Dawn Nafus is a Senior Research Scientist at Intel Labs, where she manages the Sociotechnical Systems team. Her current research focus is on AI and climate change, with an emphasis on the changing infrastructures of computation. She is the editor of Quantified: Biosensing Technologies in Everyday Life (MIT Press, 2016), co-author of Self-Tracking (MIT Press 2016) and co-editor of Ethnography for a Data-Saturated World (Manchester University Press, 2018).
Zane Griffin Talley Cooper
Zane Griffin Talley Cooper is a PhD Candidate at the Annenberg School for Communication at the University of Pennsylvania, and a Doctoral Fellow at the Center for Advanced Research on Global Communication. His research broadly concerns the intersections and relations between data infrastructures, energy production, and resource extraction in the Arctic. A multimodal scholar with a passion for sustainability, he has held positions at Intel, the Civic Software Foundation, and the McHarg Center for Urbanism and Ecology, where, in various capacities, he has explored the nexus of technology and environmental justice. His work has found its way into journals, art exhibits, design projects, film festivals, and he is the Co-Principal Investigator of Geographies of Digital Wasting: Electronic Waste From Mine to Discard and Back Again, a global grant project funded by the Internet Society Foundation. Cooper holds an M.A. in History from California State University San Marcos and a B.F.A. in Film Studies from the University of Colorado Boulder.
Cindy Lin is an ethnographer and information science assistant professor at the College of Information Sciences and Technology at Pennsylvania State University. Her first single-authored book project explores statecraft and computing practices in the environmental and mapping sciences in Indonesia and the professional identities and government institutions that emerged from these efforts.
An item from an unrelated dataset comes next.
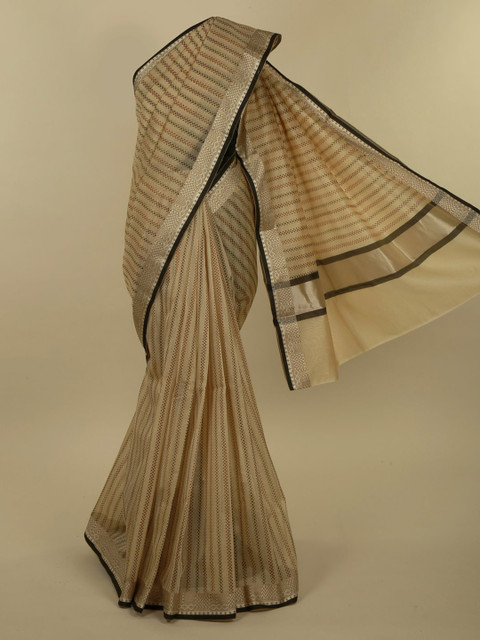 

Pothys Cream-Coloured Woven Design Supernet Saree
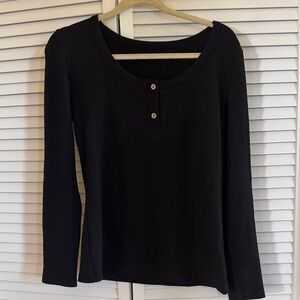 Black thermal Henley long sleeve top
Anne Pasek is an Assistant Professor and Canada Research Chair in Media, Culture, and the Environment at Trent University, cross-appointed between Cultural Studies and the School of the Environment. Her research explores the cultural politics of climate change, with a particular emphasis on the social and technical means through which carbon is enumerated and mobilized within the tech sector, academia, and the arts. She is also the director of the Low-Carbon Research Methods Group, a network of scholars examining the social impacts of decarbonizing academic work, and the Experimental Methods & Media Lab, a hub for critical making at Trent.
Jordan B. Kinder
Jordan B. Kinder is a scholar of media studies and the energy and environmental humanities from a resource town in what is now called northern British Columbia, Canada. He is a citizen of the Métis Nation of Alberta, and is currently an assistant professor in the Department of Communication Studies at Wilfrid Laurier University. For the 2023-2024 academic year, he is also a research associate with the Mahindra Humanities Center at Harvard University. Jordan’s first sole-authored book, Petroturfing: Refining Canadian Oil through Social Media, will be out with the University of Minnesota Press in Spring 2024.
Tamara Kneese is a Senior Researcher and Project Director of Data & Society’s Algorithmic Impact Methods Lab. Before joining D&S, she was Lead Researcher at Green Software Foundation, Director of Developer Engagement on the Green Software team at Intel, and Assistant Professor of Media Studies and Director of Gender and Sexualities Studies at the University of San Francisco. Tamara holds a PhD in Media, Culture and Communication from NYU and is author of Death Glitch: How Techno-Solutionism Fails Us in This Life and Beyond.